The exhibition In Transit now open at the Buchmann Galerie presents new works that expand and complement the formal language of the Vertical Highways series. The Progressions series works sculpturally with the phenomenon of sequence and its direct associations with movement and time. The distorted crash barriers, arranged in ascending order, thereby set in motion a dialogue between the ascending elements and the rhythmic-serial character of the sequence. In the exploration of the sequential and ordering in sequence of the pictorial, reference can be made to moving images such as film and video and the beginnings of these media, for example, the chronophotography of Eadweard Muybridge. The association with these early photographs in series, the first to show people, horses and other living beings in various stages of motion, is central to the moment of movement and fluidity seen in the artist’s work.
Alongside Vertical Highways – Progression 01, an almost four-metre-wide, 230-centimetre-high sculpture, Bettina Pousttchi is also showing new works in the exhibition in which she experiments with both colours and formats. In contrast to the previous works in the Vertical Highways series, which were in traffic-light colours, the new works expand the colour palette with sandy earth tones. No longer life-size, the height of the works gives them a new gestalt with which the artist continues her investigation into the plastic qualities of the material and its relation to the human body.
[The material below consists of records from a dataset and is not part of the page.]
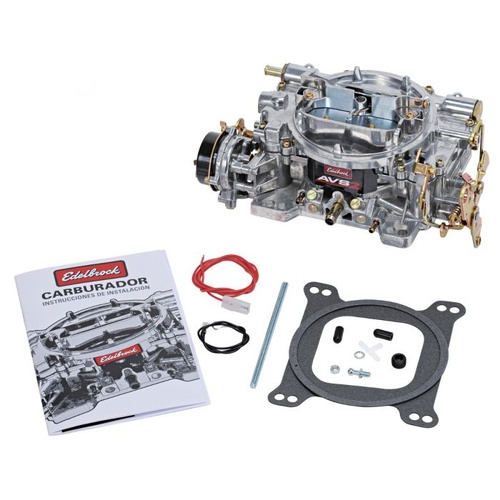 Edelbrock Carburetor, AVS 2, 500 cfm, 4-Barrel, Square Bore, Electric Choke, Annular Boosters, Satin, Non-EGR, Each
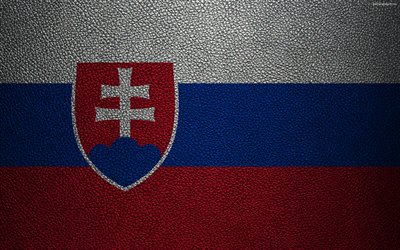 Bandeira da Eslov&#225;quia, 4k, textura de couro, Eslovaca bandeira, Europa, bandeiras da Europa, Eslov&#225;quia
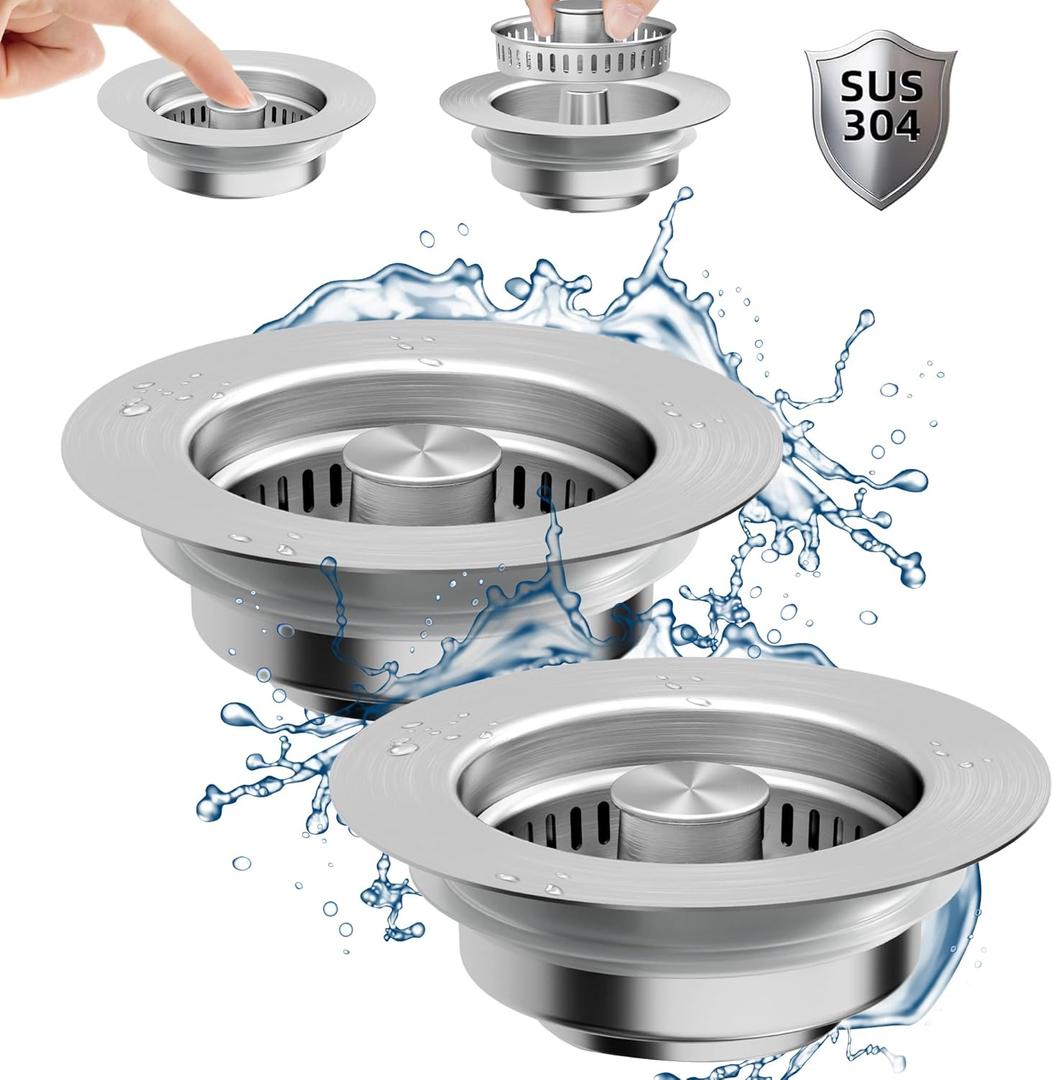 NinjaTiger Kitchen Sink Drain Strainer - 2-Pack Stainless Steel Sink Stopper 3-in-1 Pop-Up Sink Strainer with Anti-Clogging Basket Odor Filter Sink Drain Cover Plug for US Standard 3-1/2 Inch Drain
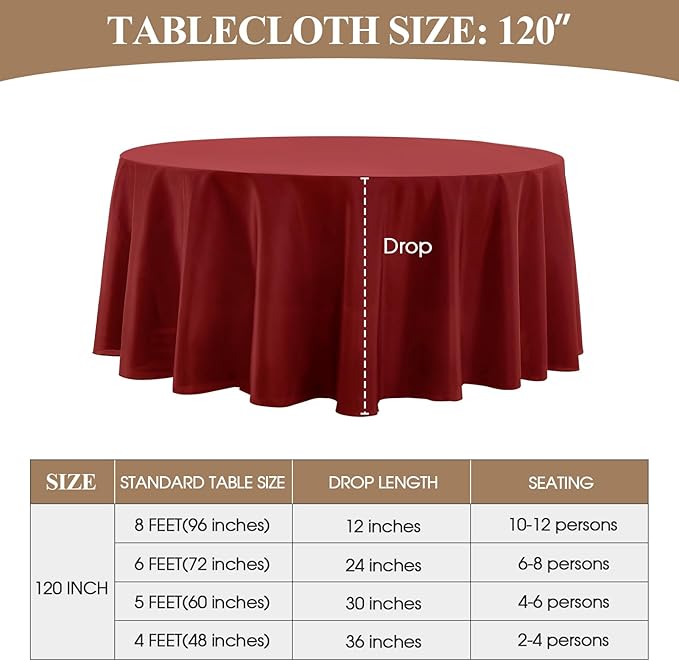 Round Tablecloth 120 Inch Tablecloth 6 Pack Red Table Cloths Washable - Image 6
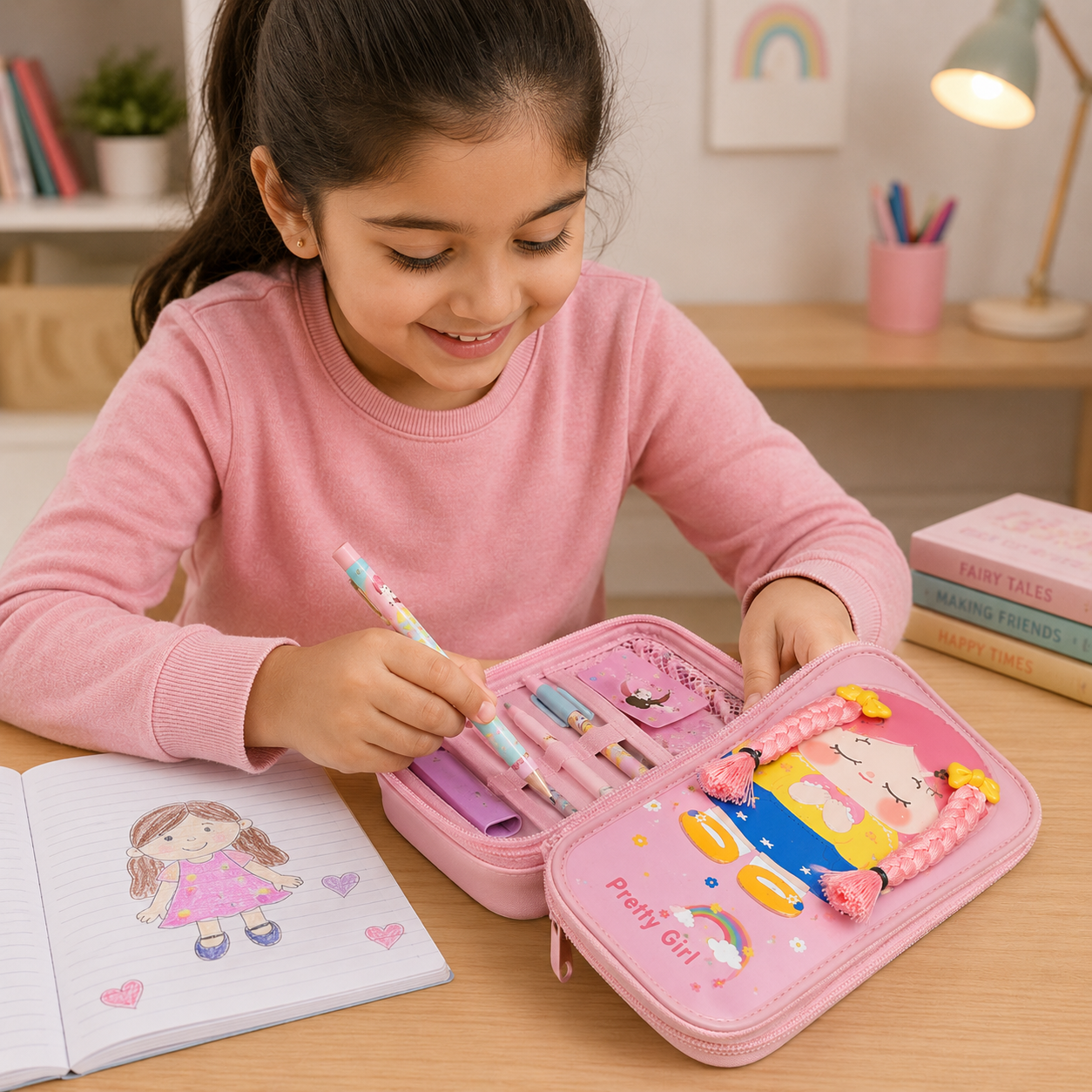 Pretty Girl Pink 3D Cartoon Pencil Case (YM818)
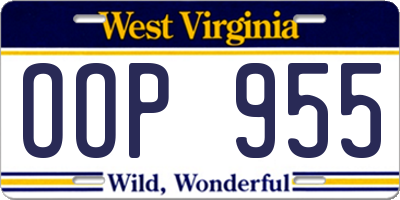 WV license plate OOP955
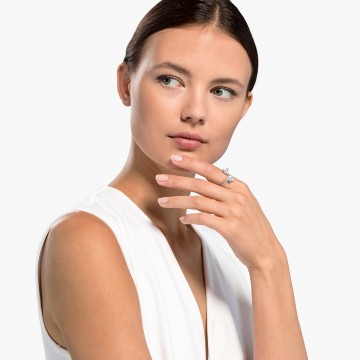 Bague Attract Soul Heart, cristal blanc, métal rhodié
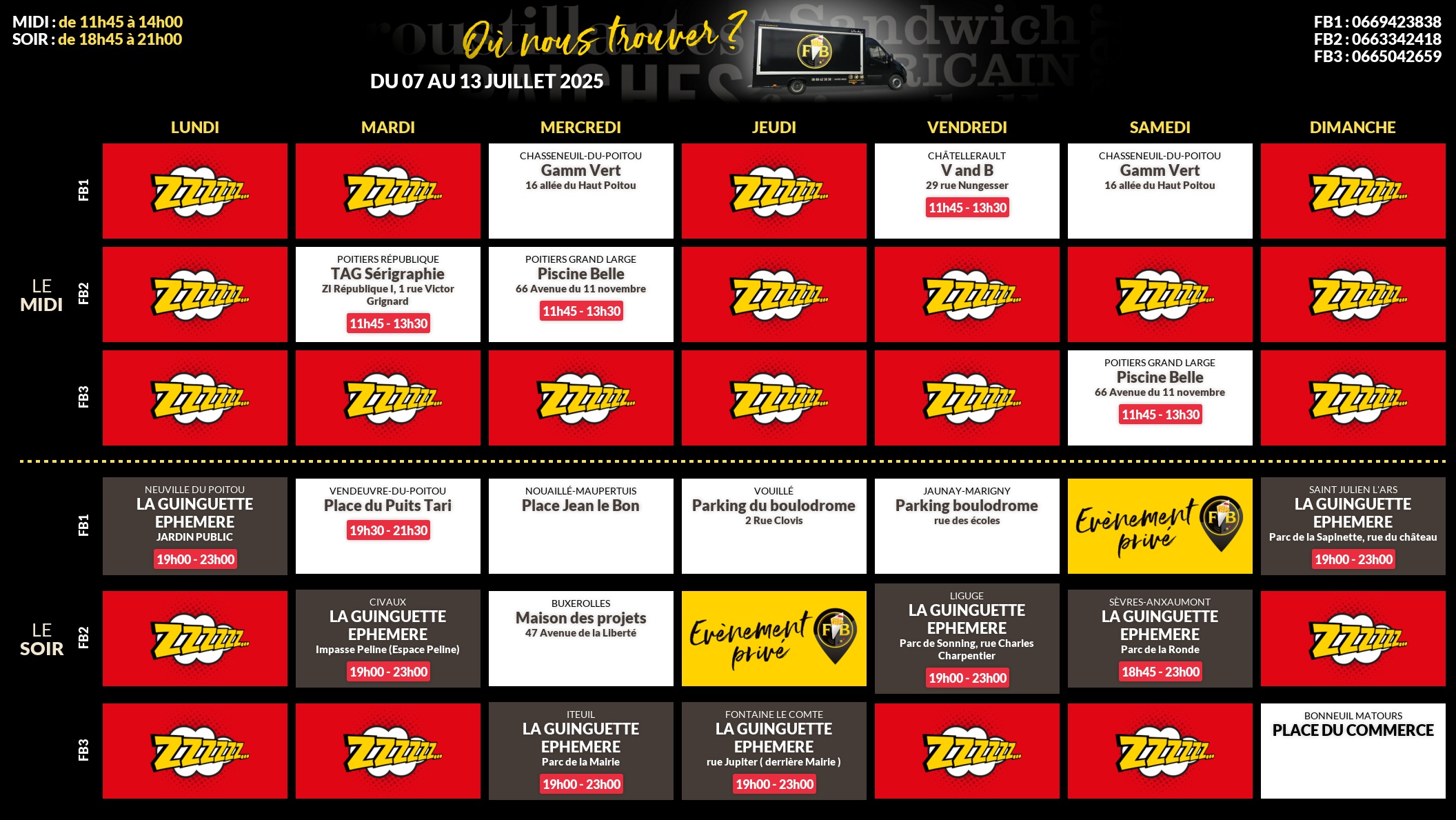 Emplacements pour la semaine 142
The artist creates the sculptures using an elaborate process in which she deforms the industrial prefabricated parts of the crash barriers being used under high pressure, erects them vertically, and then assembles them into new figurations before applying colour. The vertical orientation of the crash barriers, in subverting their normal horizontal use, breaks with their usual spatial arrangement and provides the sculptures with an architectural reference. The sequential use of the source material both ties in with the concepts of Minimal art and demonstrates their connection to Marcel Duchamp’s Readymades.
Bettina Pousttchi recently inaugurated the largest sculpture in the Vertical Highways series to date at Berlin Central Station. This sculpture, which was designed specifically for the location on Washingtonplatz and is six metres high, underlines Bettina Pousttchi’s interest in the complex notion of the public realm.
The street objects the artist employs in her sculptures, such as crowd barriers, bollards, bike racks and crash barriers, are typically used to structure public space and regulate the possibilities of movement in it. Yet, often going unnoticed, the artist brings these objects back into focus and perception through her sculptures, thereby raising the question of the societal interplay between control and freedom, so central to civil society.